In the lab, users' heads are clamped in a virtual vise that is, they are made to keep their heads still, at a specified distance from the camera, and seated against a plain white background. In the real world, however, a person will be moving around in the video frame, and backgrounds will contain coworkers, posters of swimsuit models and who knows what else.
"The trick is how to find where the face is in the frame," Movellan said. "We think we can do that by analyzing the colors it appears that the colors of faces exist in a very small band, regardless of the race of the speaker." But he acknowledged that "a lot of tough engineering work remains to be done to create user-friendly applications."
In the end, the work at the Machine Perception Lab could revolutionize human-computer interactions. For instance, electronic pets could not only respond appropriately to children, but could therapeutically monitor senior citizens. Often, when queried, the elderly reply that they are fine, even when seriously depressed. An electronic pet that can recognize emotions could alert medical personnel to problems.
Education will likewise benefit, according to Movellan. Automated teachers could detect when a student is perplexed or frustrated, when material is understood and when it needs to be repeated or presented in a different way. By learning the manner in which each student learns best, virtual teachers will be able to adjust their strategies in the same way good human teachers do.

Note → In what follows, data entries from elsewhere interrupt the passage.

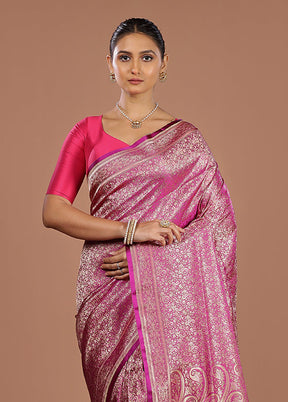 Pink Handloom Jamewar Pure Silk Saree With Blouse Piece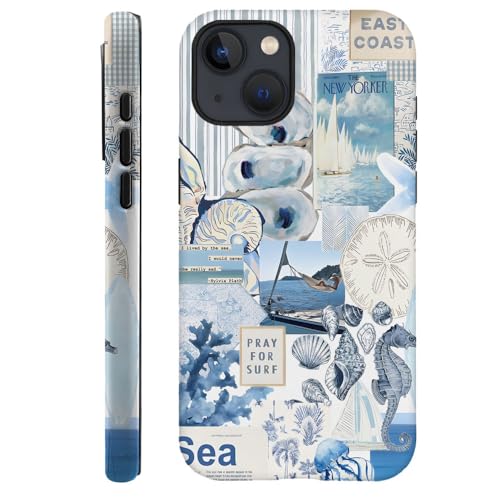 TnXee Schutzhülle kompatibel mit iPhone 15 Plus, Fallschutz, 2-lagige Hybrid-Hartschalen-Schutzhülle für Mädchen und Jungen, Muschel-Ozeanblau, Retro-Collage TnXee Schutzhülle kompatibel mit iPhone 15 Plus, Fallschutz, 2-lagige Hybrid-Hartschalen-Schutzhülle für Mädchen und Jungen, Muschel-Ozeanblau, Retro-Collage von TnXee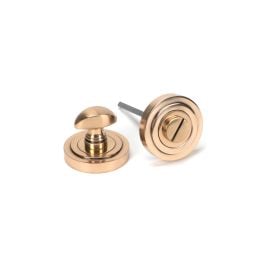 Polished Bronze Round Thumbturn Set (Art Deco)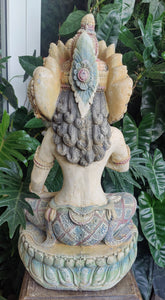 Home Decor: Garden Statue. Stunning Goddess Devi Tara Sitting Sculpture in Stone.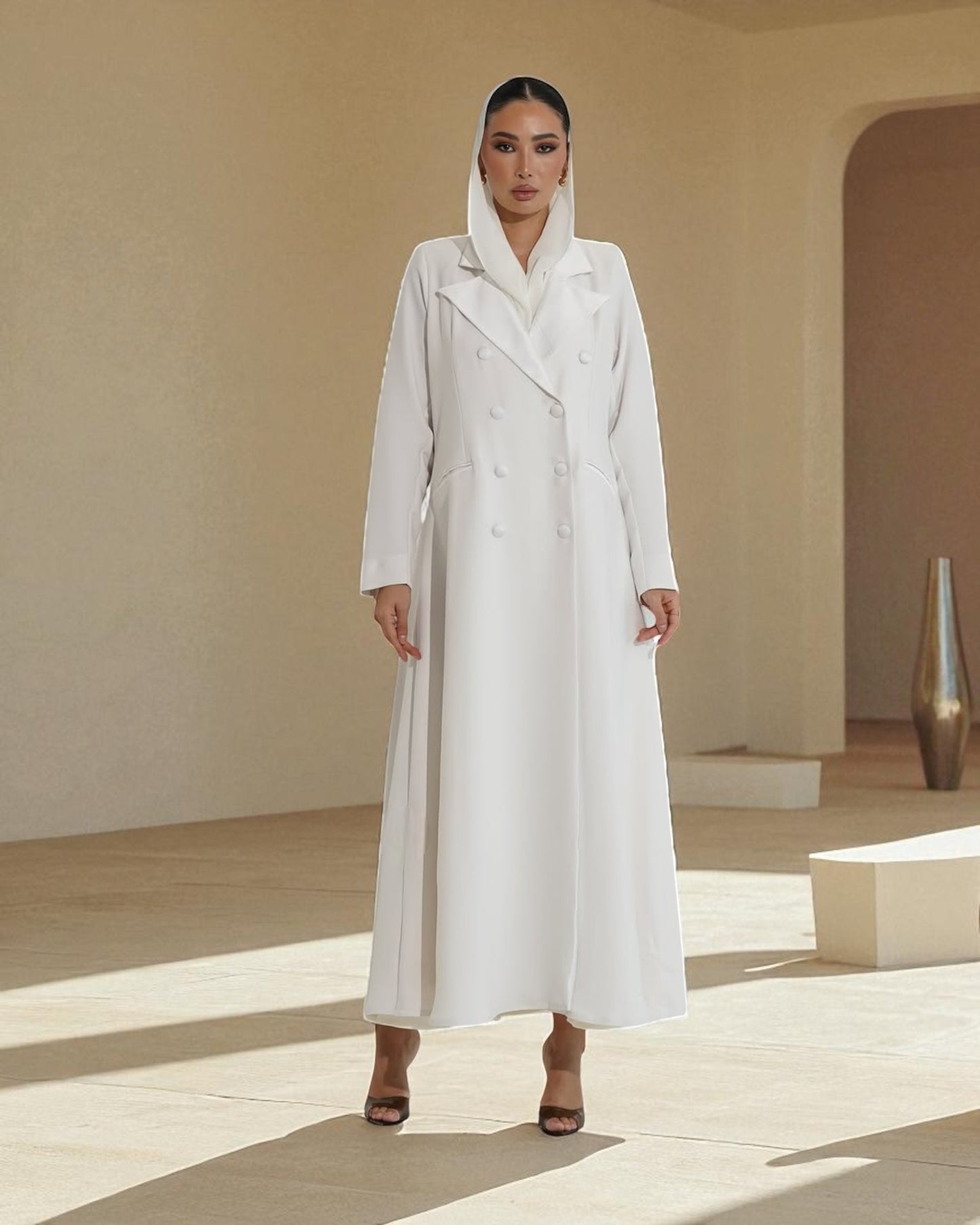 Elegant Double-Breasted Coat Abaya in Premium Prada Fabric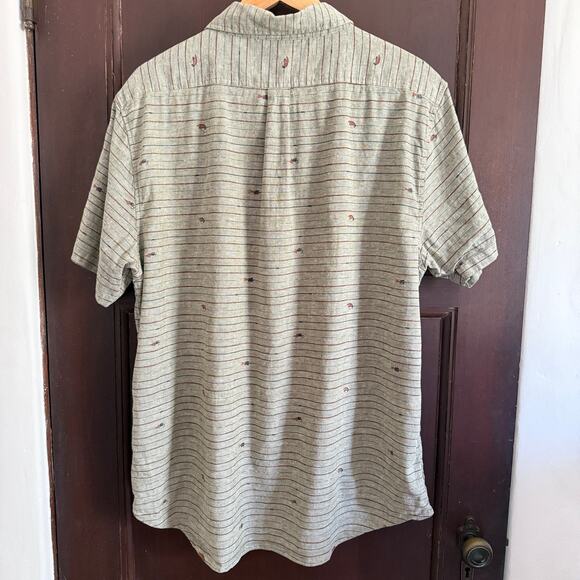 UNITED BY BLUE | Cotton Hemp Button Down Shirt with Fishing Lure Pattern | XL - Picture 2 of 8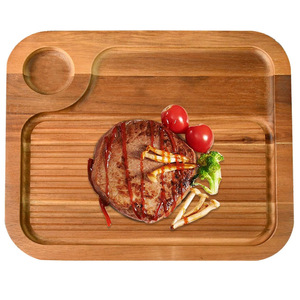 Plato de madera para carne con ranuras, tabla de cortar rectangular de madera de acacia para barbacoa y servir la cena - Product Image 5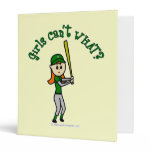 Light Green Girls Baseball Vinyl Binders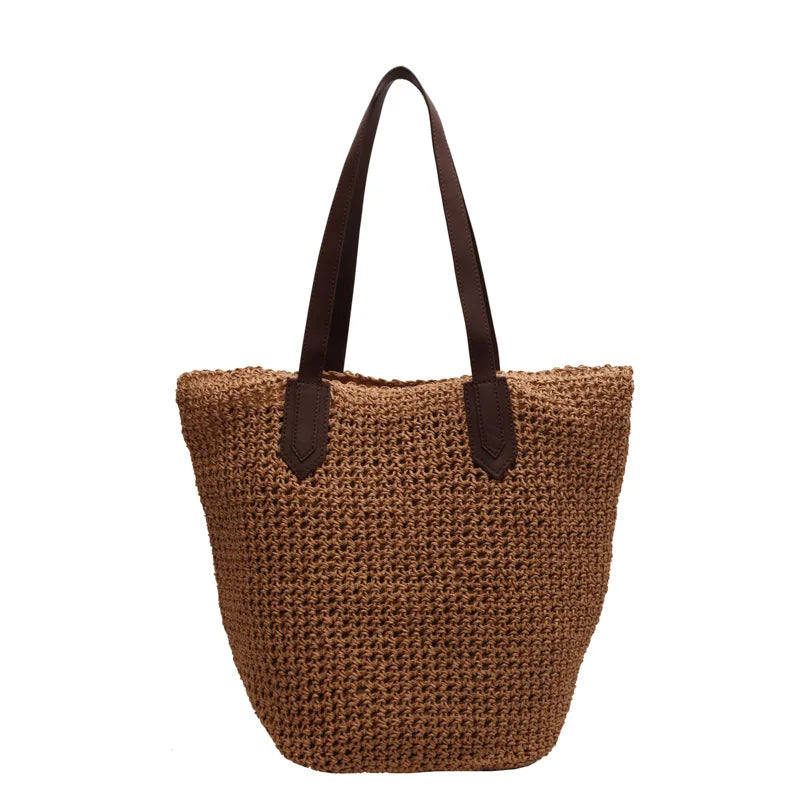 Women Bohemian Straw Shoulder Bag Large Crochet Tote For Beach Summer Woven
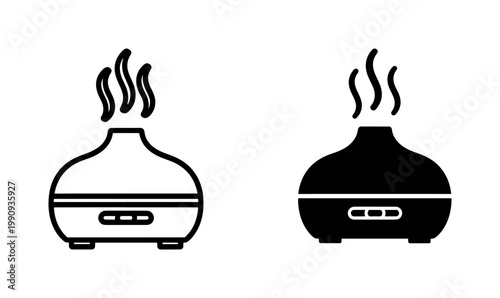 Aroma Diffuser Line and Silhouette Icon Set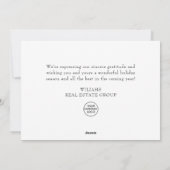 エレガントなウィンター ランド クリスマス コーポレート グリーティング (裏面)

"It is important that we stop thinking of computers as a monitor and a keyboard," said Movellan. "In the future, everything will be a computer. All our sensors, like video cameras, will have very powerful microprocessors inside them to perform the same sorts of 'early processing' tasks that our eyes and ears perform independently of the brain. Our desks and even the walls of our homes will be filled with computers and display technology."
The Machine Perception Lab intends to make it possible for such hardware systems to reach their potential by creating software to recognize all the modalities of communications that people recognize in each other. "Even our desks will need to automatically respond to us," said Movellan. "For instance, desks will need to recognize gestures so we can grab virtual objects on the desk and operate them."